Sudah 4,5 tahun difitnah, akan saya lawan mulai sekarang. Kata Presiden kita. Pertanyaannya bagaimana melawan fitnah itu.
Oleh : Abdul Munib Tokoh Pers Papua
Pertama fitnah adalah menisbatkan predikasi kepada satu subjek secara tidak benar. Menjugedmen sesuatu yang benar jadi salah, yang salah jadi benar. Menetapkan yang ada jadi tiada, yang tiada jadi ada.
Dalam pertarungan politik segala cara dipakai untuk merebut kekuasaan. Untuk melawan Jokowi dengan konsep dan hasil kerja tidak mungkin bagi kubu Prabowo. Satu-satunya jurus yang paling memungkinkan dijalankan adalah menyerang pribadi dan rezim Jokowi dengan
fitnah, hoaks dan pembunuhan karakter.
Segala jenis anak panah fitnah disiapkan. Isyu Jokowi PKI, Jokowi mengkriminalisasi ulama, tukang ngibul, Jokowi pencitraan dan lain-lain. Kegaduhan seperti ini tidak jauh beda dengan Pilpres 2014 lalu. Bedanya sekarang Jokowi petahana, kemungkinan peluang menang pihak lawannya makin kecil dari Pilpres lalu. Barang yang sama dijual diwaktu yang berbeda. Sikap pembeli tidak terlalu banyak perubahan.

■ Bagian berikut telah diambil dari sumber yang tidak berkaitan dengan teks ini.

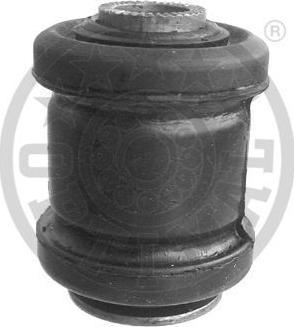OPTIMAL G9-591 - Suspension, bras de liaison droxauto.com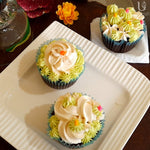 Load image into Gallery viewer, Irish Cream Cupcakes
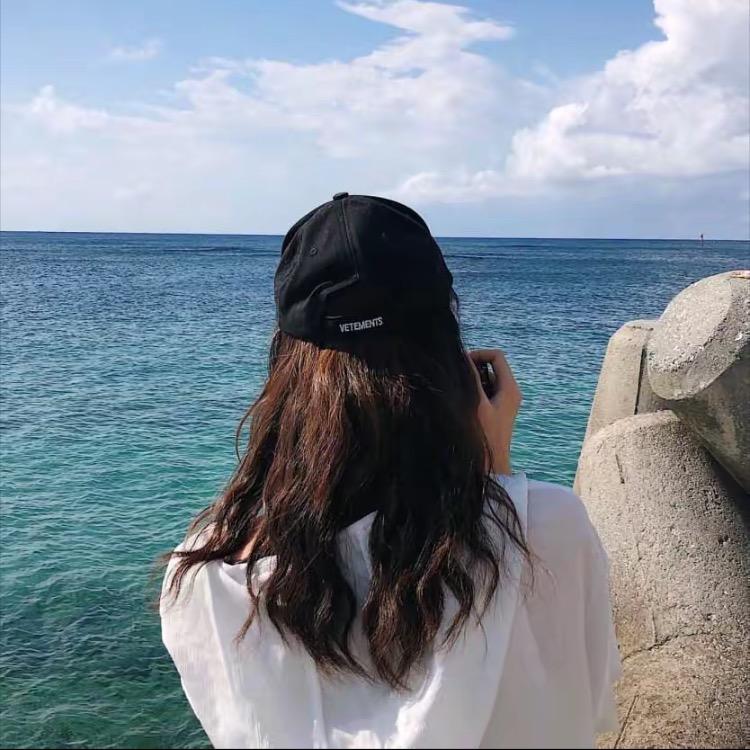 大海🌊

Cebong ke Jokowi. Kampret ke Prabowo. Dua itu saja. Swingpoter itu sawah ladangnya lembaga survei, tidak boleh diganggu gugat. Kalau tidak ada swingpoter jualan jasa survei tidak laku. Yang nyata adalah swing KFC, bagi yang tidak suka paha.
Kalau survei Prabowo jeblok, begini kata kampret : jangan percaya pada survey, hukumnya musyrik. Percaya mah pada Alloh sajah. Kalau survey Jokowi turun, begini kata cebong : Pemred Kompas baru diganti, jarum kompas sedikit ada gangguan. Suaminya dikubu sebelah.
Survey itu ilmu. Ahli survey seperti Denny JA, Mujani, Qadari adalah para ulama survey. Survei sebagai ilmu, dia memiliki keterhormatan akademika. Survey sebagai jasa adalah komoditas dagangan. Para pelakunya bakul survei.
Litbang Kompas berhenti saja buat survei. Karena ia bisa merugikan newsroom Kompas sebagai brand produk pers nasional. Mau jujur salah, mau melacur juga salah. Jadi serba salah. Biar Dilan yang memenanggung beratnya rindu. Biar lembaga survei yang menanggung resiko integritas ilmu dan jualan. Biar kampret yang menanggung kejang-kejang. Biar cebong yang menangggung tumpukan utang militan. Biar Banser yang menanggung utang seragam. Kalian berat, tak akan sanggup menanggung ini semua.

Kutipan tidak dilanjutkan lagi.